Every line below from the one with "Peach Animal Explorer" through the one with "Pink gift bow." should be retyped exactly, both ends included; no other lines and no pictures.
*** Opening Given information ***
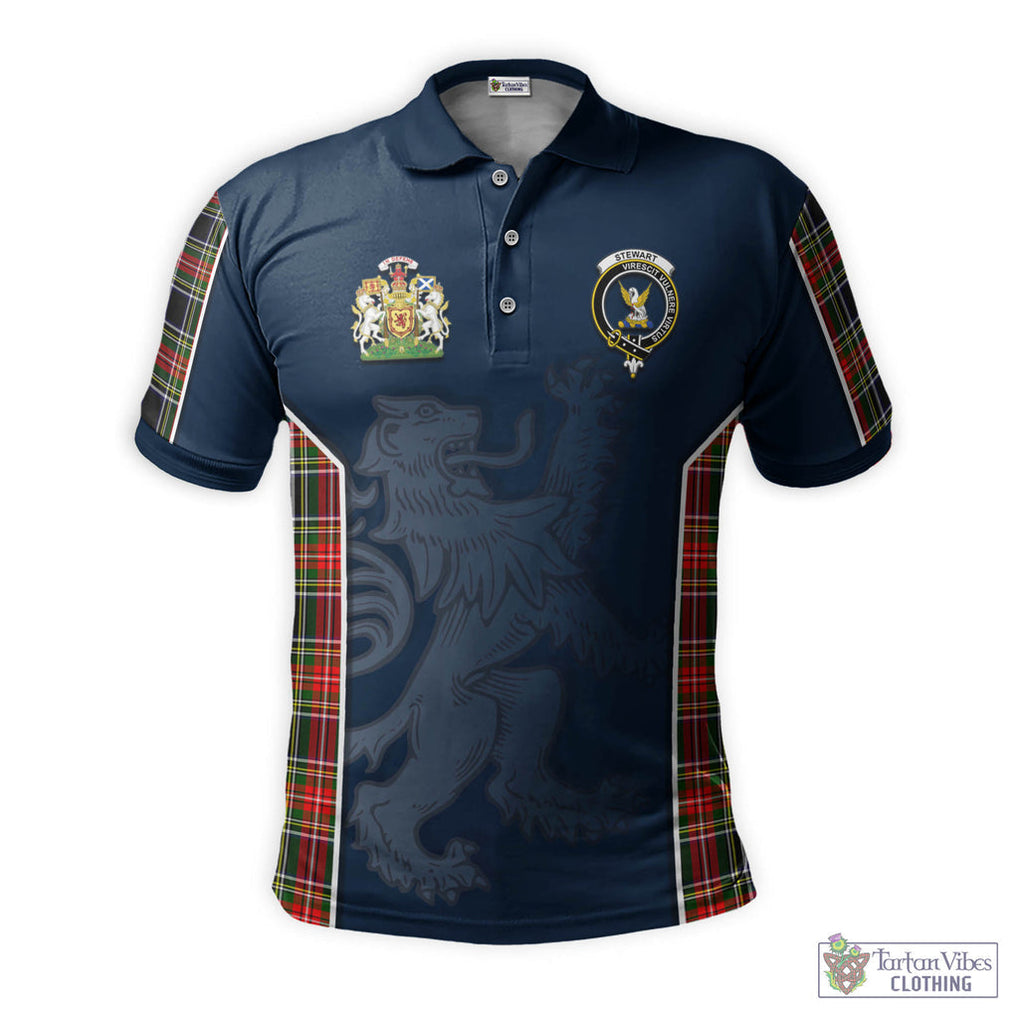 Tartan Vibes Clothing Stewart Black Tartan Men's Polo Shirt with Family Crest and Lion Rampant Vibes Sport Style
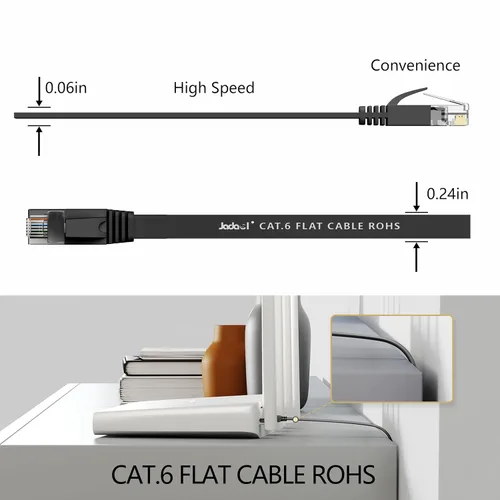 Miniatura 4 de Cable Ethernet Cat 6 de 1 pie (paquete de 6), para exteriores e interiores, compatible con red Cat7 de 10 Gbps, cable de conexión LAN plano
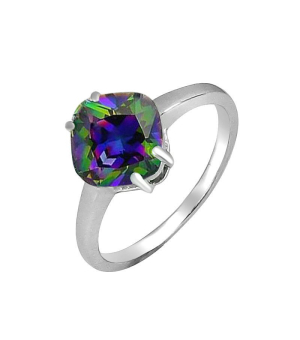 Серебряное кольцо с мистик кварцем ‒ Mirserebra925.ru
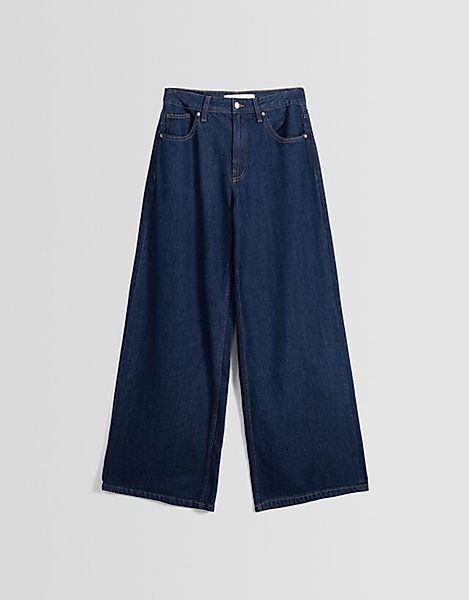 Bershka Wide-Leg-Jeans Damen 40 Marinenblau günstig online kaufen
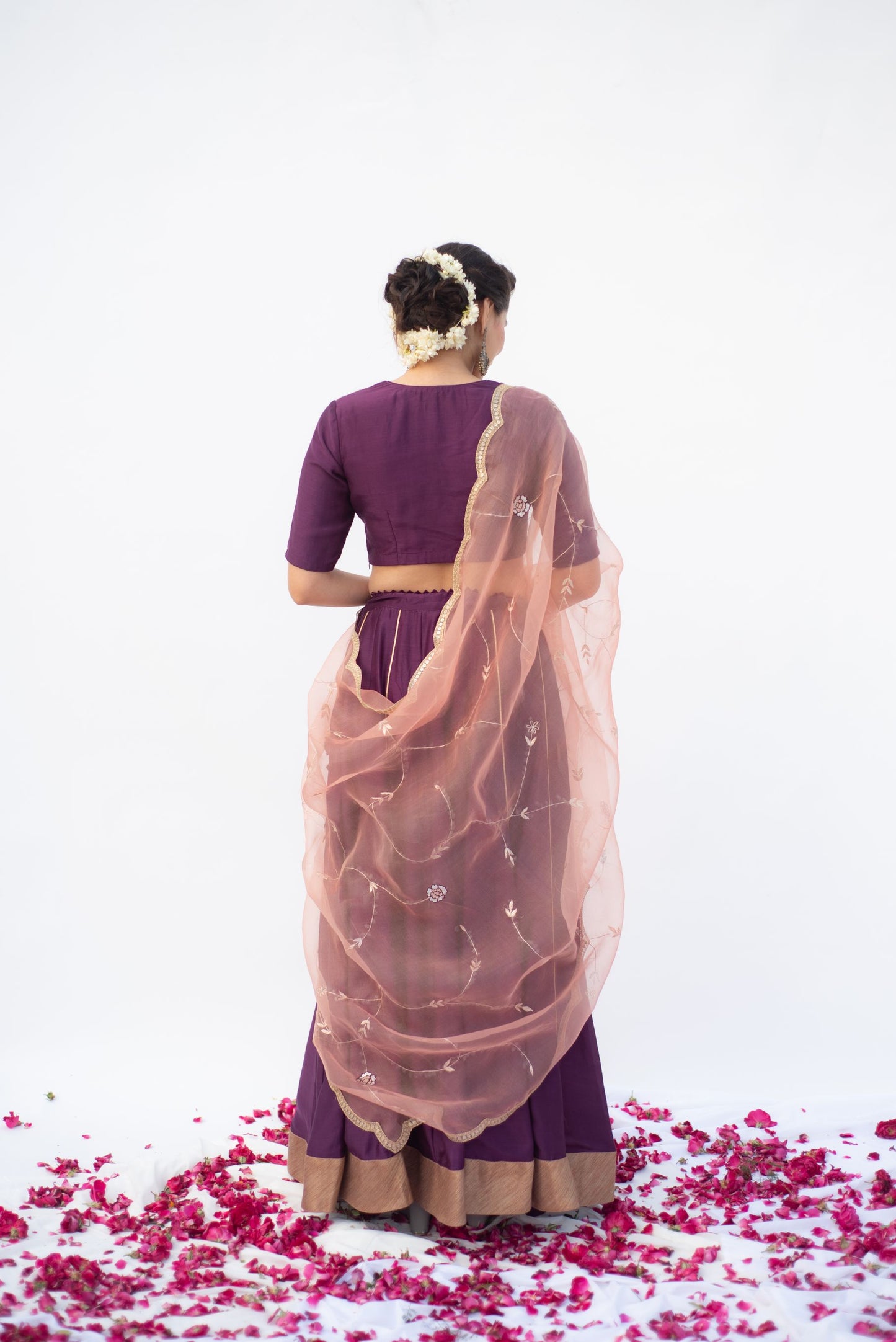 PURPLE,PEACH LEHANGA SET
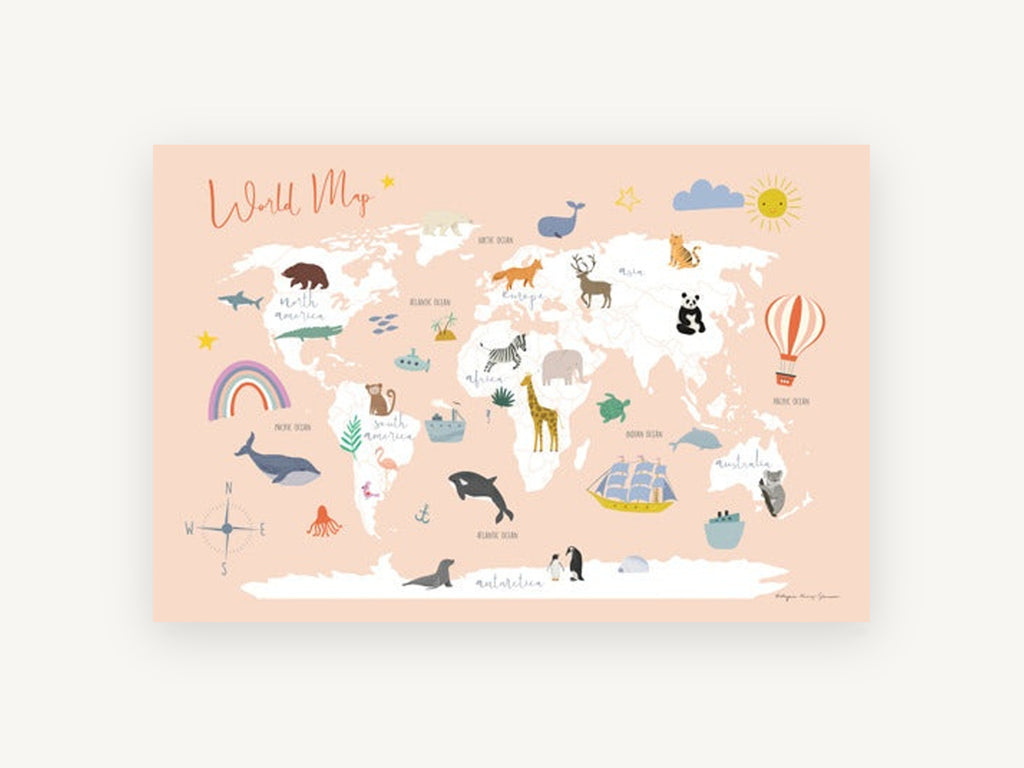Peach Animal Explorer Map, peach animal world map illustration, kids canvas wall art print, front view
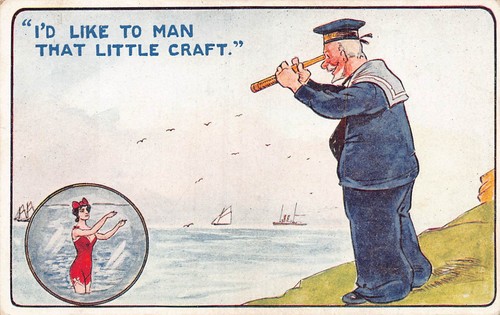 Postcard comic naval theme - comic,
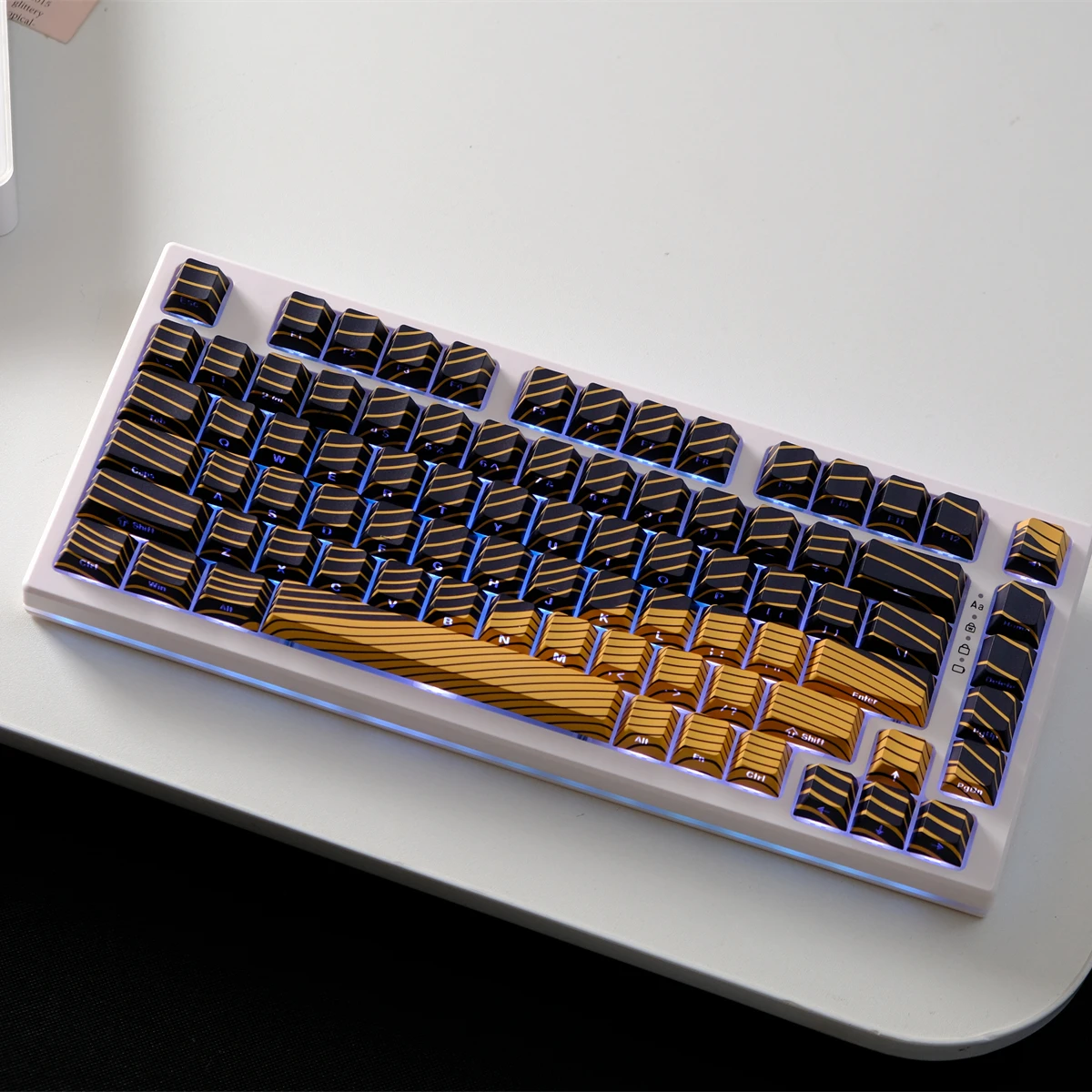 Черный золотой топограф Double Shot PBT Колпачки для клавиш с сублимационной краской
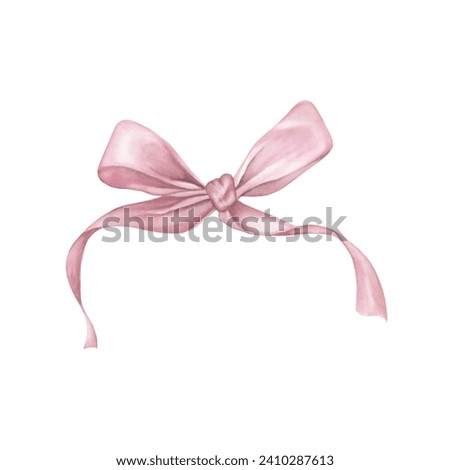 Pink gift bow. Hand drawn watercolour illustration. For polygraphy: cards, invitations, stickers, flyers, posters, etc.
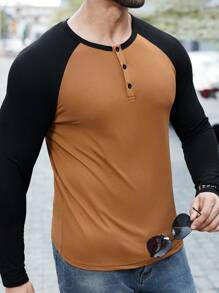 Manfinity Homme Áo thun tay dài cổ tròn cài nút phía trước màu tương phản cỡ lớn cho nam, dùng khi đi chơi - Nhiều màu - Xem 5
*** Closing Given information ***
* Answer:
Peach Animal Explorer Map, peach animal world map illustration, kids canvas wall art print, front view
 Postcard comic naval theme - comic,
 Черный золотой топограф Double Shot PBT Колпачки для клавиш с сублимационной краской
 Pink gift bow. Hand drawn watercolour illustration. For polygraphy: cards, invitations, stickers, flyers, posters, etc.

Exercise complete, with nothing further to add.